## Short descriptive text snippets
-.-.-

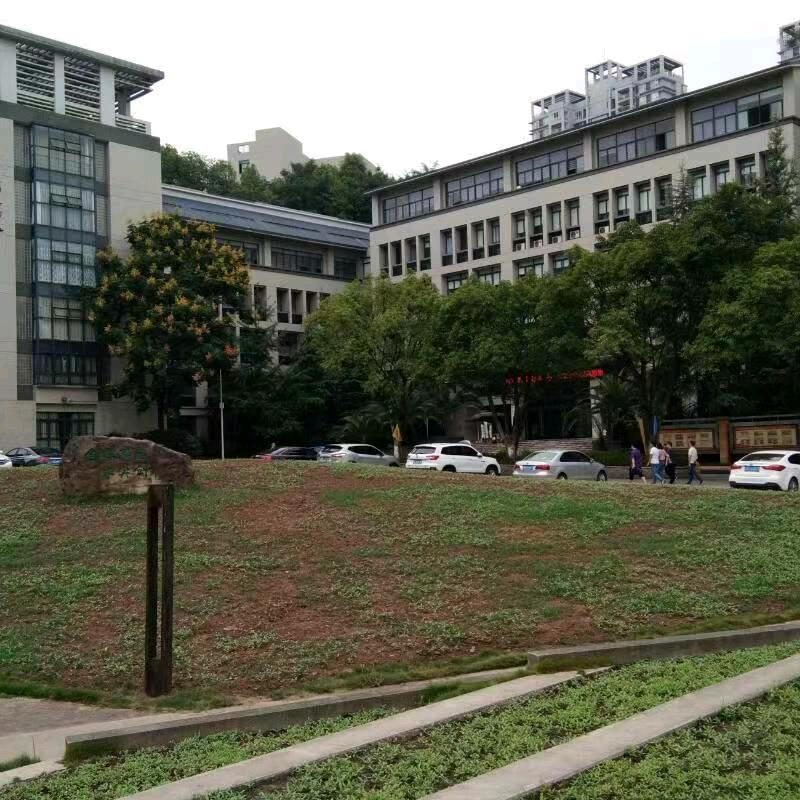 星辰大海，入心的才是人生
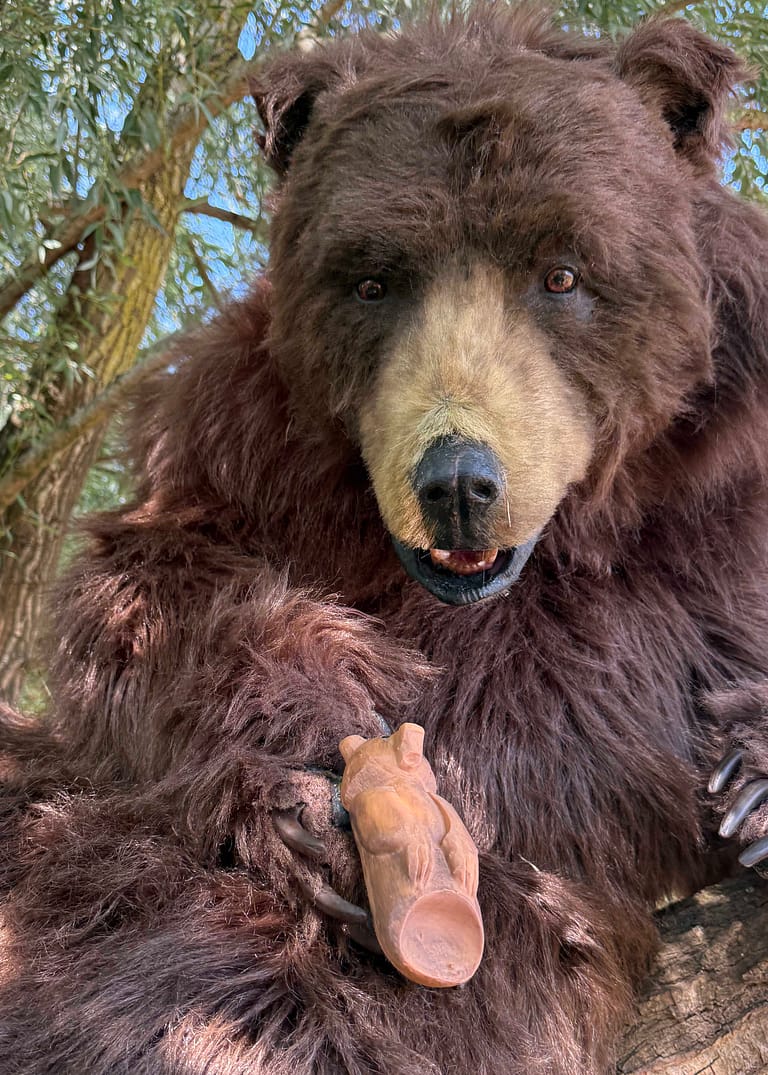 Lifelike North American brown bear character for film and television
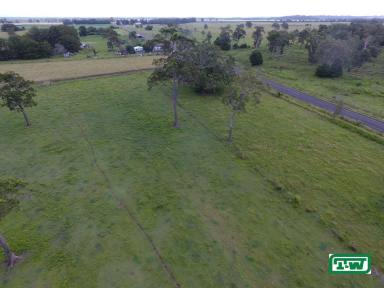 Farm For Sale - NSW - Broadwater - 2472 - IN THE MIDDLE OF THE VALLEY - 33 ACRES  (Image 2)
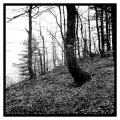 fadi-habib-photo - PAYSAGES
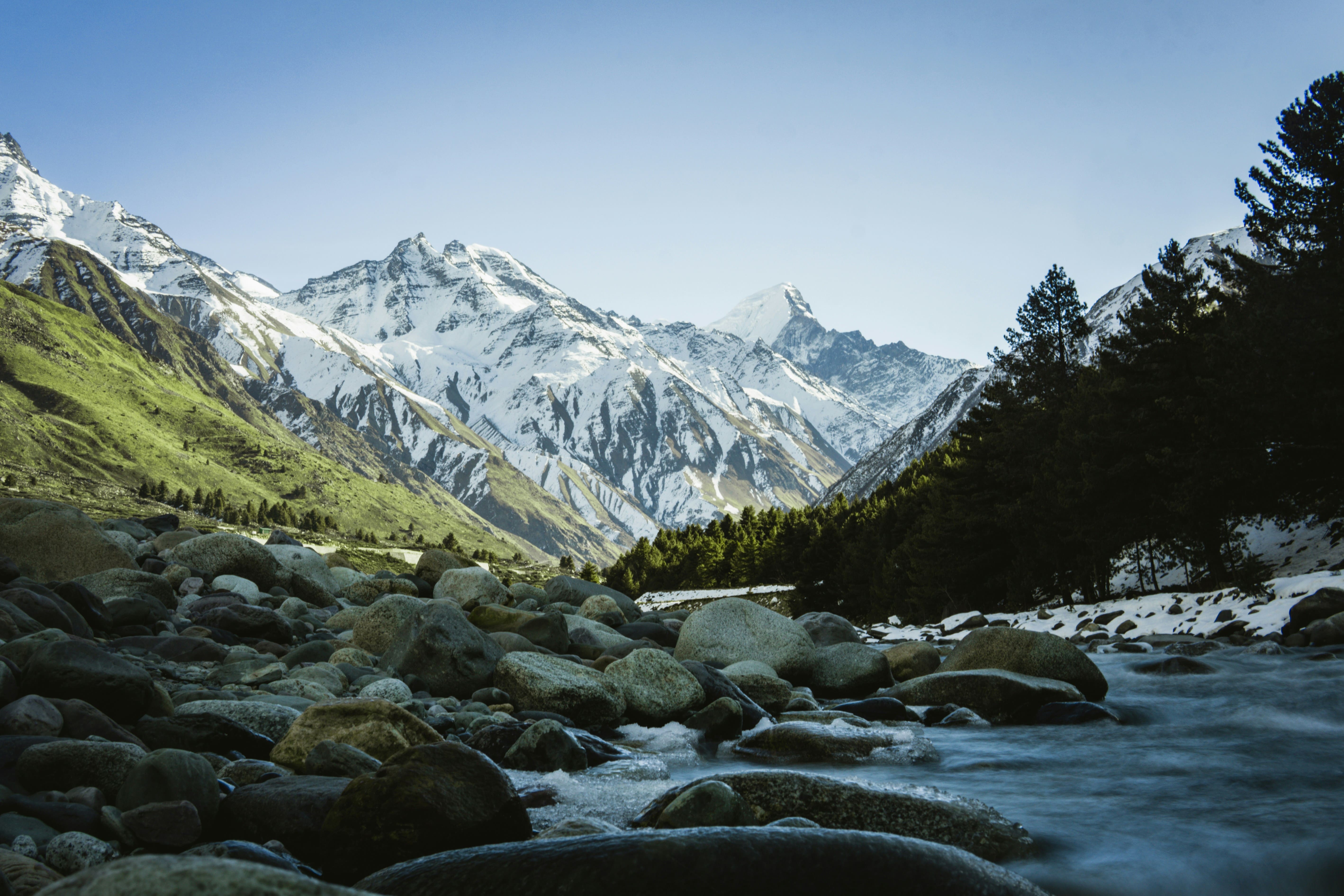 Pure Himalayan Products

-.-.-

## How to complete this task
An exact copy of every record above is required, with all pictures omitted.

## Exercise output
 星辰大海，入心的才是人生
 Lifelike North American brown bear character for film and television
 Farm For Sale - NSW - Broadwater - 2472 - IN THE MIDDLE OF THE VALLEY - 33 ACRES  (Image 2)
 fadi-habib-photo - PAYSAGES
 Pure Himalayan Products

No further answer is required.